Gabasch, H., Knop-Gericke, A., Schlögl, R., Unterberger, W., Hayek, K., & Klötzer, B. (2007). Ethene Oxidation on Pd(111): Kinetic Hysteresis Induced by Carbon Dissolution. Catalysis Letters, 119(3-4), 191-198. Retrieved from http://dx.doi.org/10.1007/s10562-007-9227-1.


Zitierlink: http://hdl.handle.net/11858/00-001M-0000-0011-02CC-D
Zusammenfassung
The catalytic oxidation of ethene was studied on Pd(111) in the 10−7–10−6 mbar pressure range by a molecular beam TPR hysteresis experiment between 400 K and 1,000 K. Two important effects were identified: the reaction-blocking effect of a dense chemisorbed adlayer of oxygen and the promotional effect of dissolved carbon segregating back to the surface and efficiently reducing the adsorbed oxygen.
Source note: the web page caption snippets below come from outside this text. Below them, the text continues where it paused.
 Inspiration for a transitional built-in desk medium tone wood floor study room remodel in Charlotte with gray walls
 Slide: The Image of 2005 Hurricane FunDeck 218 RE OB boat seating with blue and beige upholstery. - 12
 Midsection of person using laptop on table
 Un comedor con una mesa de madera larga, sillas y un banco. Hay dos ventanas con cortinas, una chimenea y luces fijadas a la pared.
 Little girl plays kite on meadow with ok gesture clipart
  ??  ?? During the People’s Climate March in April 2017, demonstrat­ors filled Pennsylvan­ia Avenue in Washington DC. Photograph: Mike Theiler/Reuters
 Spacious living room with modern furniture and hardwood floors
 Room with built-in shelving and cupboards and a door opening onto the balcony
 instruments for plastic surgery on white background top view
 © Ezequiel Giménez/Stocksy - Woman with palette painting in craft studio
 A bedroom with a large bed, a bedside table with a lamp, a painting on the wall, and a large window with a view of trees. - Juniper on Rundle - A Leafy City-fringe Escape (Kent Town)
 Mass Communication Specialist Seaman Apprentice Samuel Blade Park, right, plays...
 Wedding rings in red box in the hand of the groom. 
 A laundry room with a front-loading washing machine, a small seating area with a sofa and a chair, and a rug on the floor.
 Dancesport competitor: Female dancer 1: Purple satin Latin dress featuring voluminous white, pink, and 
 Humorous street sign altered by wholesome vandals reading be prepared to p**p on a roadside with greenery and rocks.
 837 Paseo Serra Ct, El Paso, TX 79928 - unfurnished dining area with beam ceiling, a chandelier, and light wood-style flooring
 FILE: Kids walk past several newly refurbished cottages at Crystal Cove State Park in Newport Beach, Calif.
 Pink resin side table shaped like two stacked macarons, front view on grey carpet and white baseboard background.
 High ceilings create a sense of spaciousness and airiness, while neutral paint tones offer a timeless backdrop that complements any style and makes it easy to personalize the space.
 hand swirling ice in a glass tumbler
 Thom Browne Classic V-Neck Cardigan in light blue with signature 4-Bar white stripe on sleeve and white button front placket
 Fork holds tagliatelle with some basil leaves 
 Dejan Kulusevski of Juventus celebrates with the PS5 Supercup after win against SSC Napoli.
A strong dependence of the catalytic activity on the oxygen partial pressure is explained by the inhibiting effect of oxygen adsorption; high oxygen pressures in fact extinguish the reaction. The presence of oxygen-free metal surface area, where ethene can dissociate, is necessary for high activity. During heating the highest activity is observed at T ∼ 620 K, where a combination of oxygen clean-off by carbon segregating back to the surface is combined with a high ethene adsorption rate, thus forming additional reaction sites and additional reaction products. During heating this carbon-induced clean-off of O(ad) is very efficient because the dissolved C atoms rather accumulate in the surface-near region and largely segregate back to the surface at T > 600 K. In contrast, during cooling from higher temperatures a high surface-near carbon bulk concentration does not build up because the bulk mobility of C atoms is also high and the faster diffusion of C into deeper layers counteracts carbon enrichment in the surface-near metal bulk. This effect favours a higher oxygen surface coverage and a stronger deactivation during cooling. If the carbon loading of the surface-near region was increased by decomposition of clean ethene prior to the reaction experiment, the promotional effect during the heating cycle was strongly enhanced, but the cooling cycle showed no memory of the C presaturation. Generally, the observed hysteresis effects stem from an interplay of combined oxygen site blocking and carbon diffusion effects.